TIGTA has a new report titled "Fiscal Year 2012 Statutory Review of Restrictions on Directly Contacting Taxpayers," TIGTA Reference No. 2012-30-089 (9/4/'12), here  The IRS should contact only the designated taxpayer representative except in certain cases where advance approval to "bypass" has been obtained.  See 26 C.F.R. § 601.506(b), here (containing the conditions for the bypass authority); see also this IRS memo dated 8/26/05 here (stating also that, even if the taxpayer contacts the IRS, the IRS should not have substantive discussions outside the presence of the representative).

Here is a cut and paste of the summary of the TIGTA report:
IRS employees are required to stop an interview if the taxpayer requests to consult with a representative and may not bypass a representative without supervisory approval.  Between October 2010 and September 2011, TIGTA’s Office of Investigations closed 19 direct contact complaints involving IRS employees, of which eight were disciplined or counseled for their actions by IRS management officials. 
This audit was initiated because TIGTA is required to annually report on the IRS’s compliance with Internal Revenue Code Sections 7521(b)(2) and (c).  The overall objective of this audit was to determine whether the IRS complied with the legal guidelines addressing the direct contact of taxpayers and their representatives.  
The IRS has a number of policies and procedures in place to help ensure taxpayers are afforded the right to designate a qualified representative to act on their behalf in dealing with IRS personnel in a variety of tax matters.  However, TIGTA reviewed a statistical sample of 73 of 25,264 Small Business/Self-Employed Division closed field collection investigations and found that revenue officers were not always involving representatives appropriately in some key actions.

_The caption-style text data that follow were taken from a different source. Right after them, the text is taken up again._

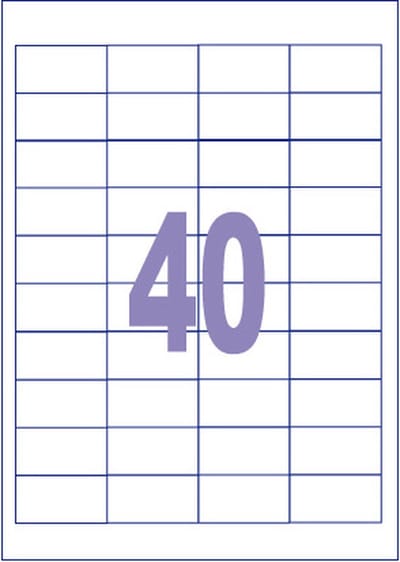 Kangaro etiket - injet/laser/kopieer - 48,5x25,4mm - 100 vel - 40 stickers per vel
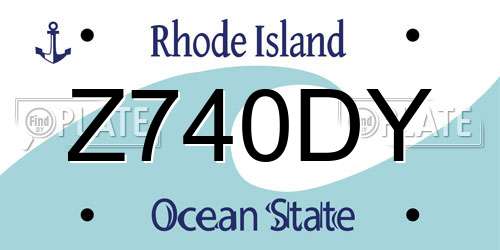 Z740DY Rhode Island License Plate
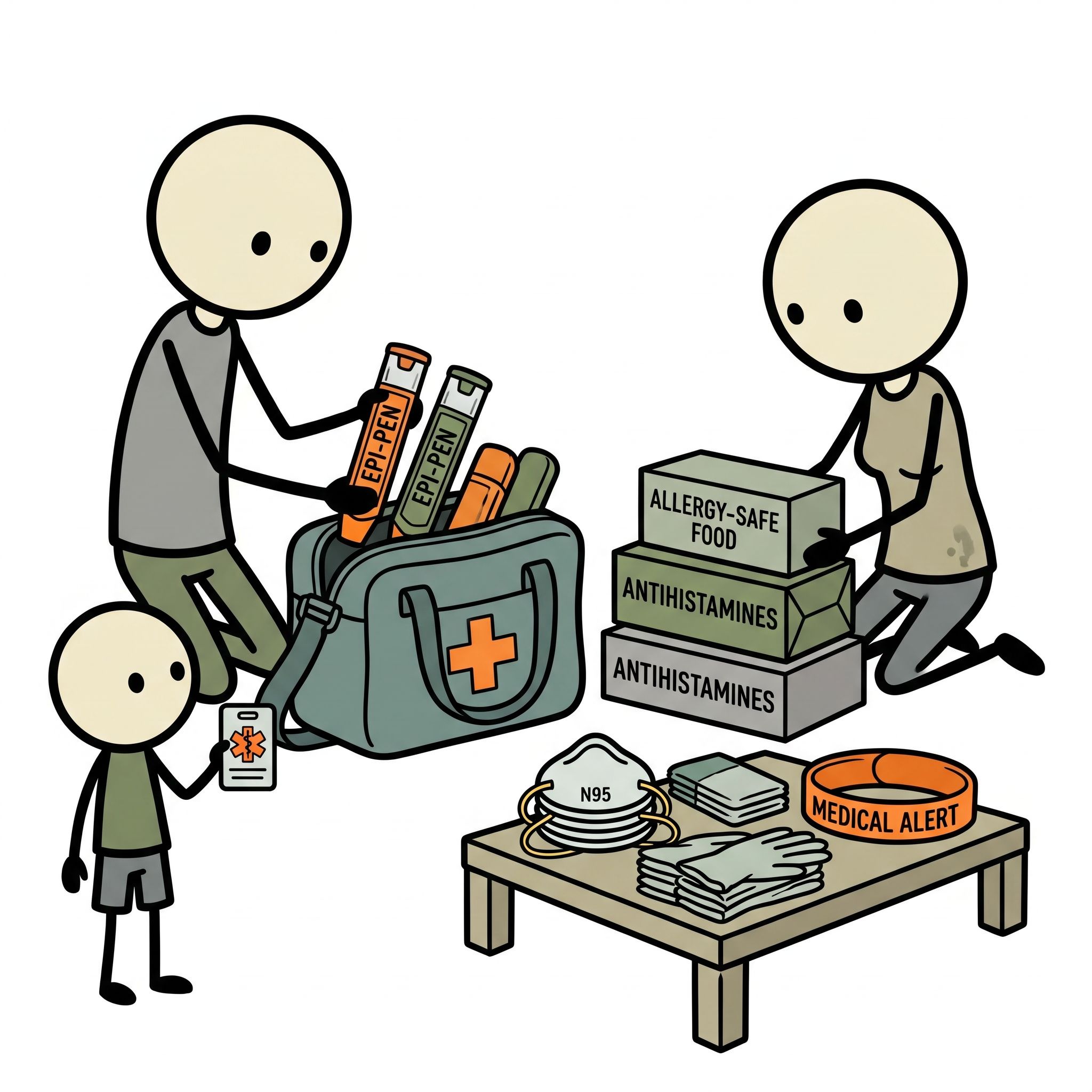 SC-style illustration for Emergency preparedness for people with severe allergies and anaphylaxis risk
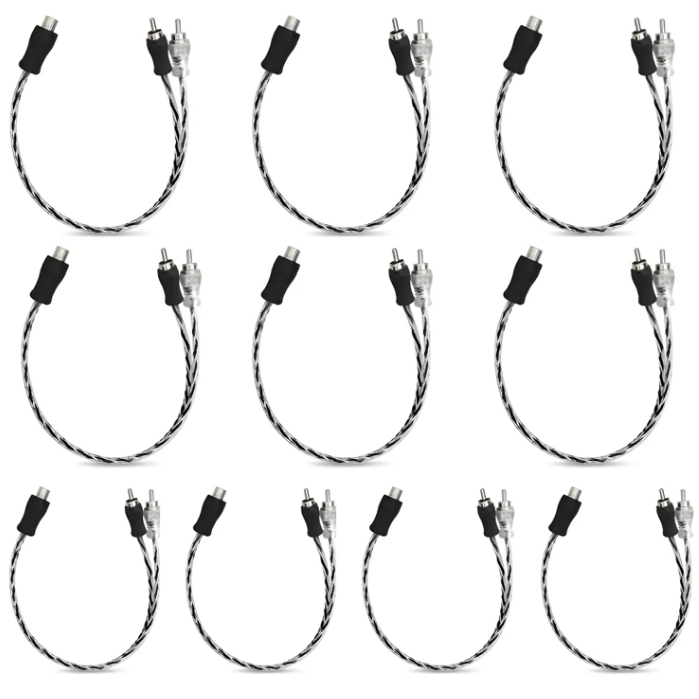 Kit 10 Cabo Rca Y 2m x 1F Injetado Cristal Svart Tech One 4mm Som Automotivo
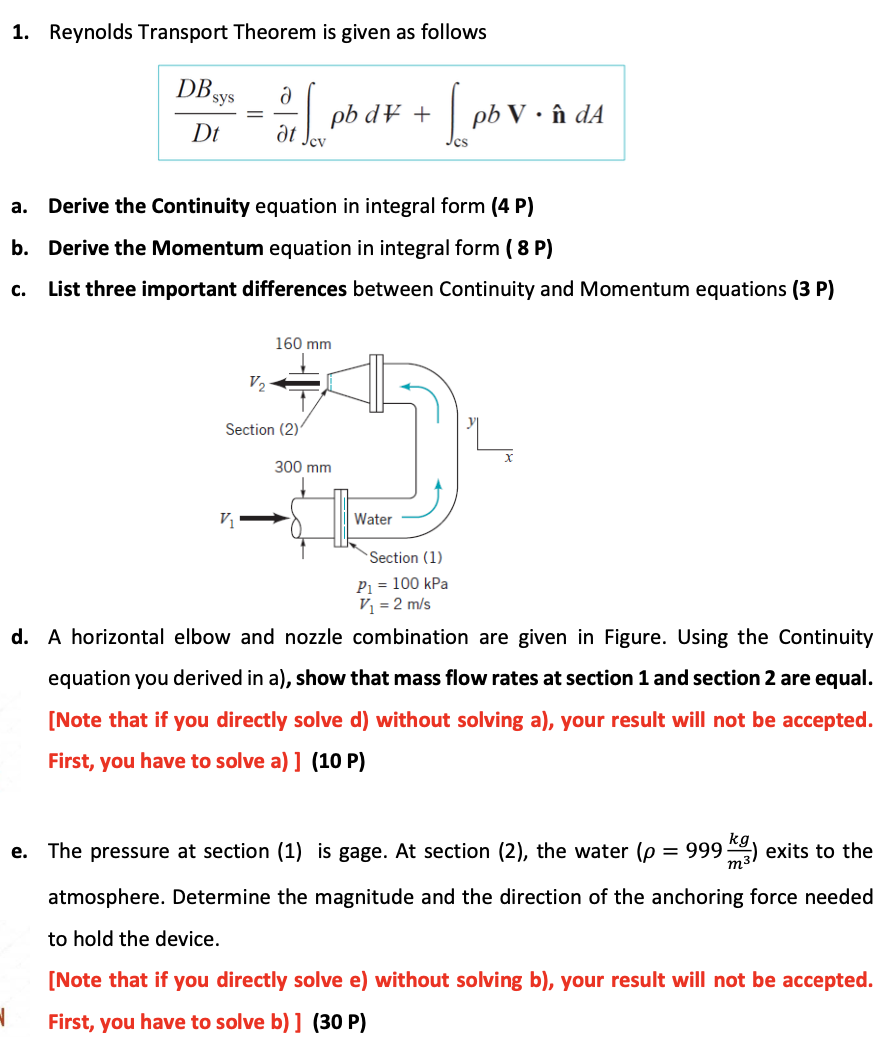 Solved 1. Reynolds Transport Theorem Is Given As Follows DB | Chegg.com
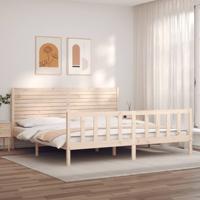 Bedframe met hoofdbord massief hout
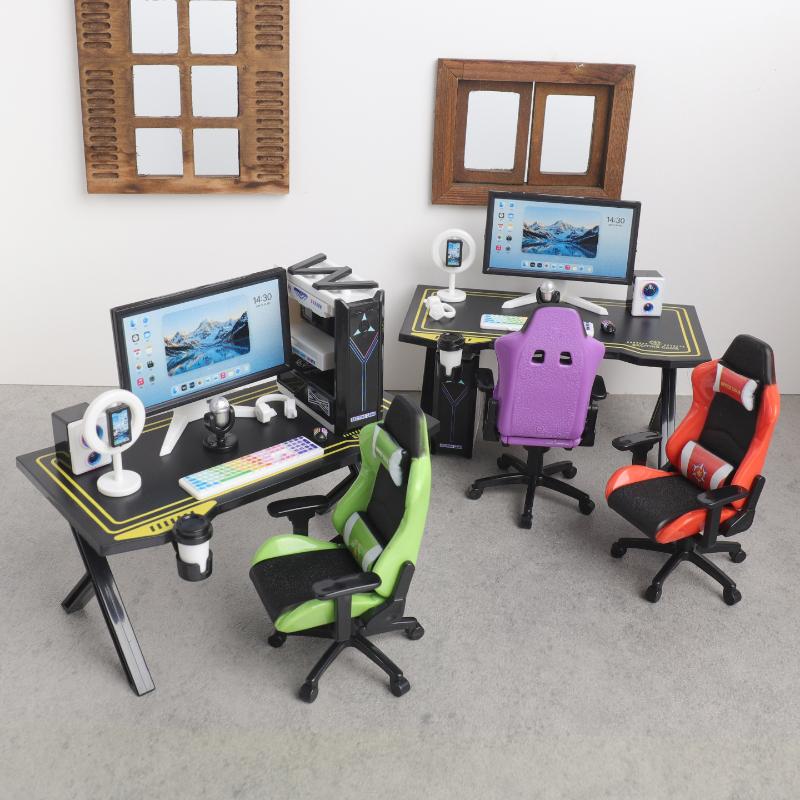 1/12 인형의 집 미니 게임용 책상 의자 세트, 미니 - Gaming Accessories Monitor 리뷰 및 가격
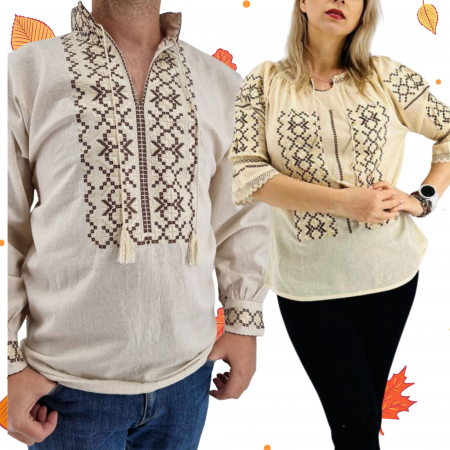 Set cuplu - Set Traditional Cuplu 571 / Camasi traditionale cu broderie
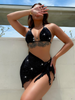 Women Fashion Sexy Halter Neck Top Strap Short Skirt Bikini Swimsuit Three-Piece Set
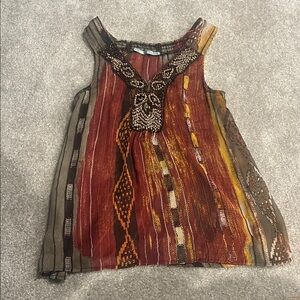 Maurices women’s shirt with Red and Brown Patterns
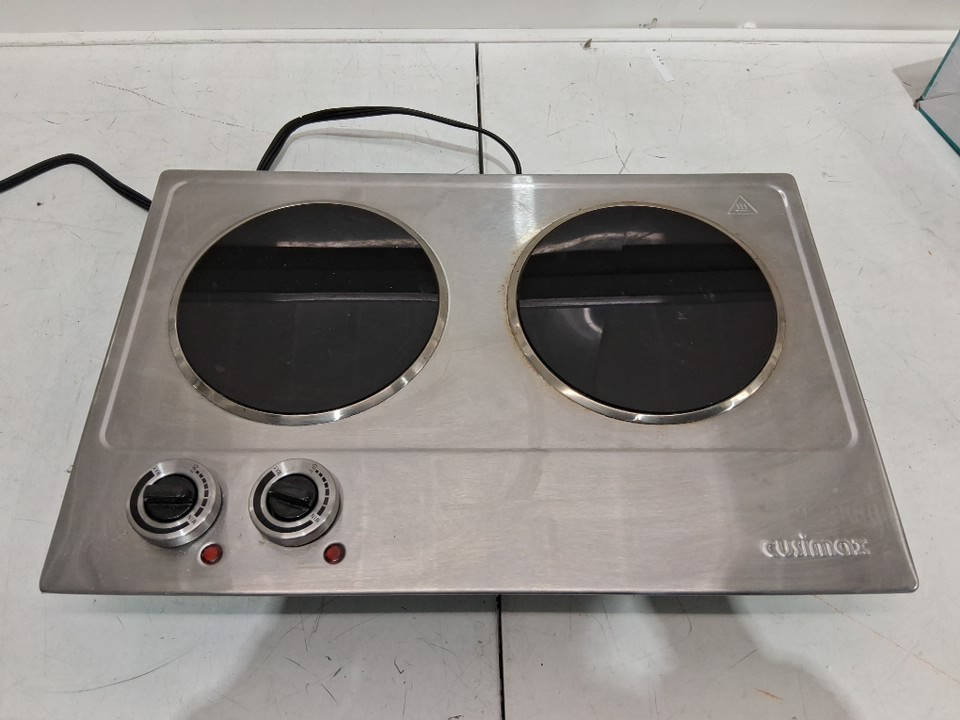 CUSIMAX INFRARED DOUBLE BURNER ELECTRIC COOKTOP - STAINLESS STEEL (MODEL: CMIP-C180) image 2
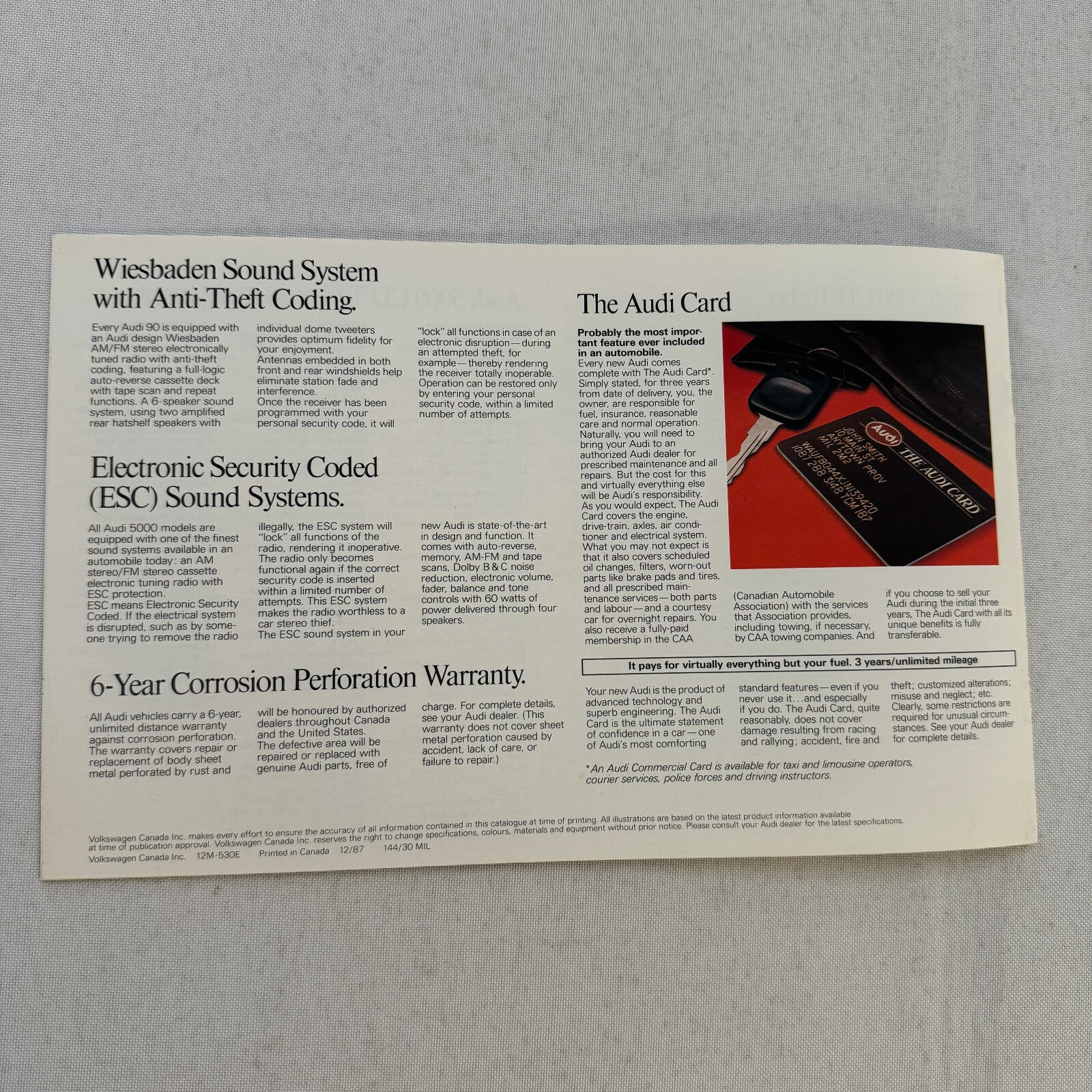 1988 Audi Car Sales Brochure Catalog 90 Quattro 5000 5000S Avant 5000CD 5000 CD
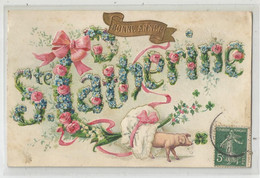 Cpa Bonne Année Ste Sainte Catherine , Ruban Rose Treffle  Et Cochon , Carte Relief Fantaisie - Neujahr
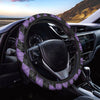 Black And Purple Argyle Pattern Print Car Steering Wheel Cover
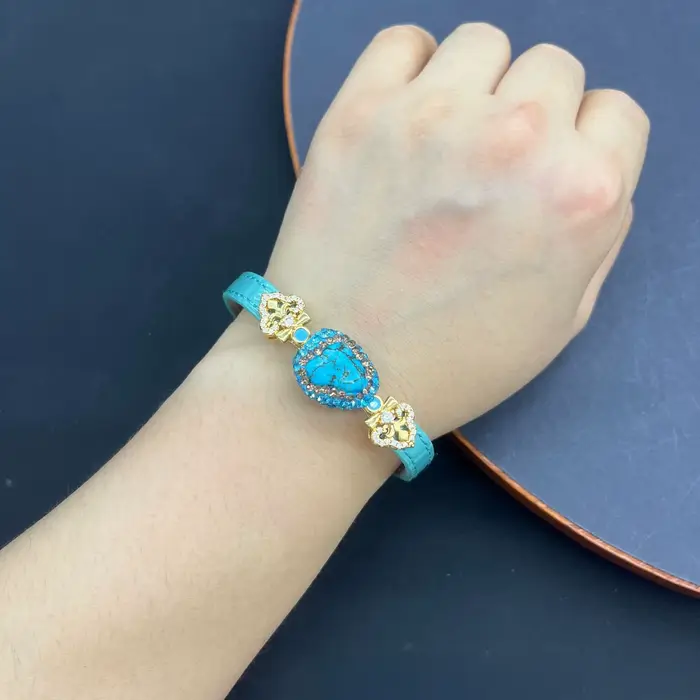 Bracelet en cristal de quartz turquoise aigue-marine naturelle brute pour femme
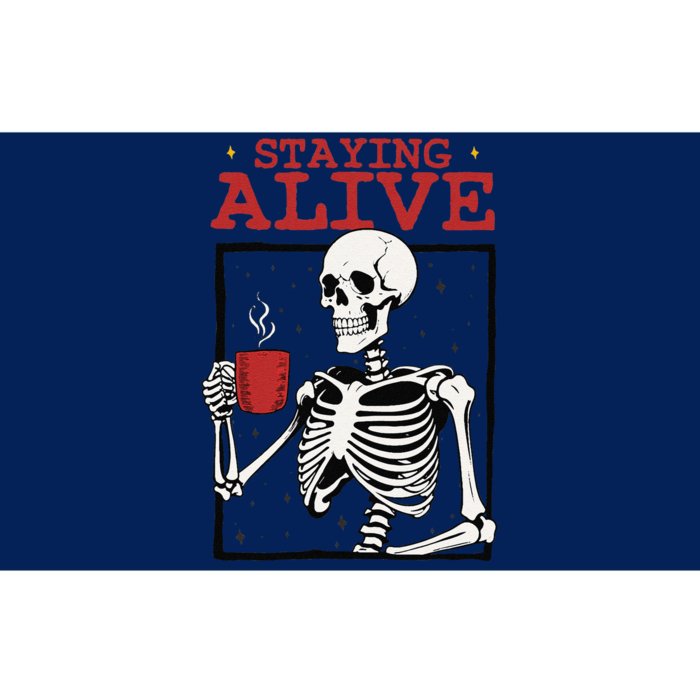 Spooky Vibe Coffee Skeleton Halloween Staying Alive Meme Bumper Sticker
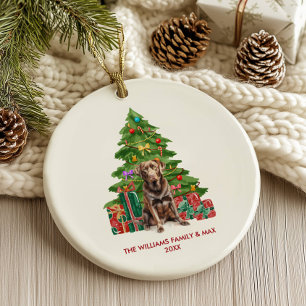 Chocolate Lab Christmas Ornament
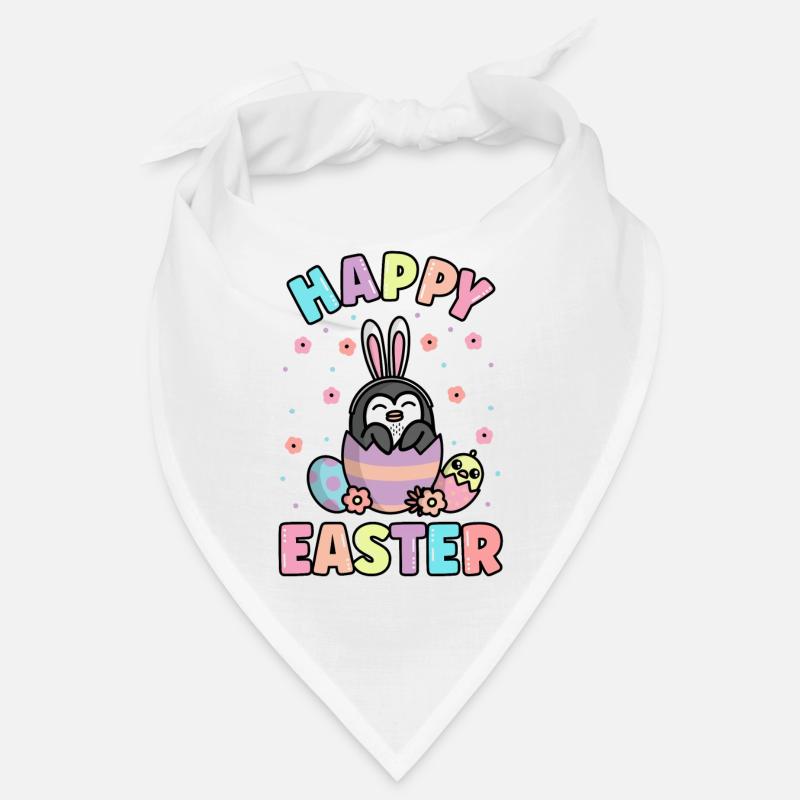 Happy Easter Penguin With Rabbit Ears Spring Bandana
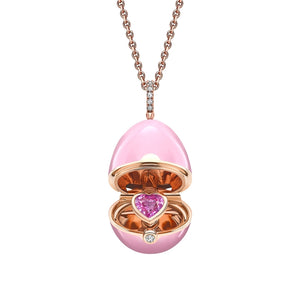 Rose Gold, Diamond & Pink Sapphire Heart Surprise Locket with Pink Lacquer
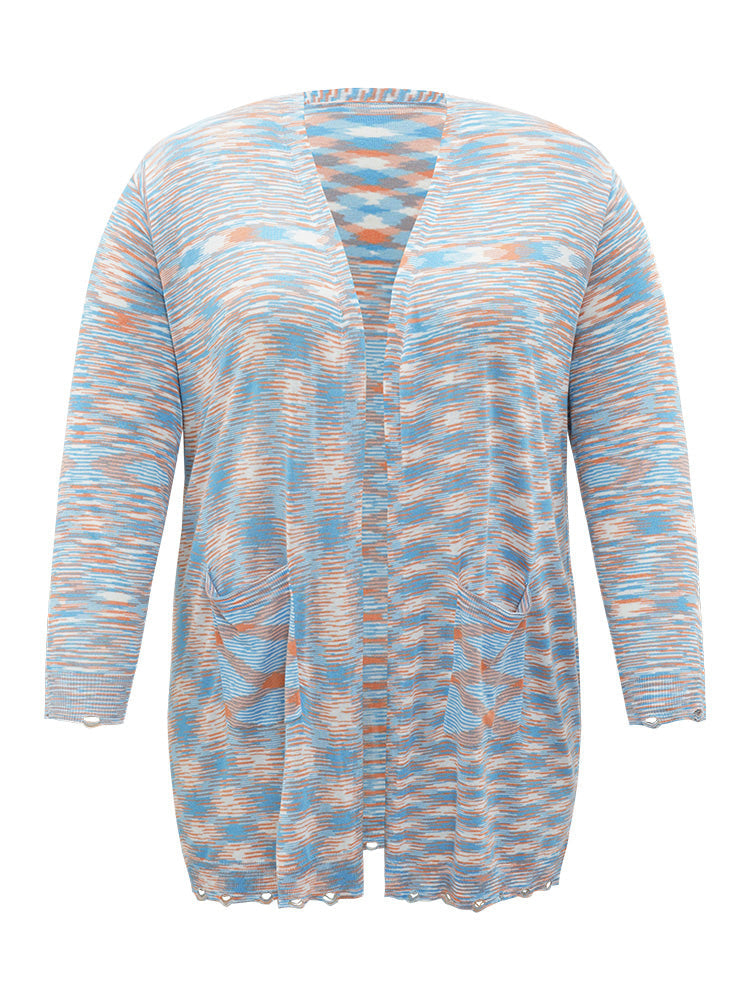 Ombre Pocket Open Front Ripped Hem Cardigan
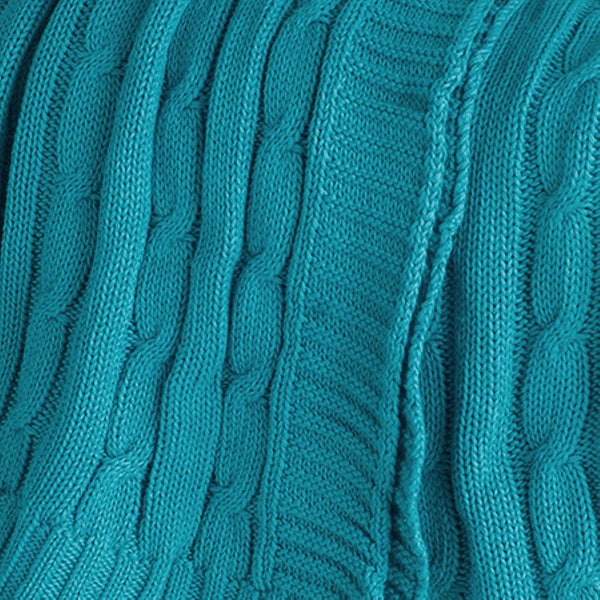 HomeRoots 50" Cozy Teal Blue Cotton Cable Knit Throw Blanket – Stylish Striped Design for Home & Gifts! 518772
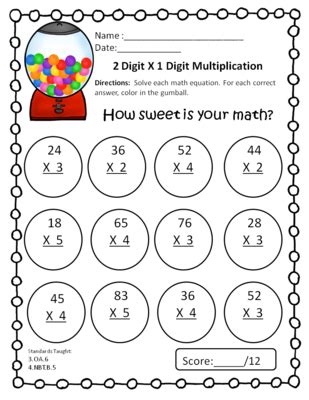 Image result for Two-Digit Multiplication Worksheets 3rd Grade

In the sample of 73 cases, TIGTA found that 14 revenue officers deviated from procedures by: 1) contacting the taxpayer directly, instead of the authorized representative, on the initial or subsequent contact in the collection investigation, 2) not sending copies of taxpayer correspondence to the authorized representative, or 3) not allowing enough time for the taxpayer to obtain a representative.  In addition, little documentation was found in managerial reviews indicating that managers checked to ensure revenue officers were: 1) involving representatives in all case actions, 2) providing representatives a copy of all original correspondence sent to taxpayers, and 3) allowing taxpayers sufficient time to obtain representation.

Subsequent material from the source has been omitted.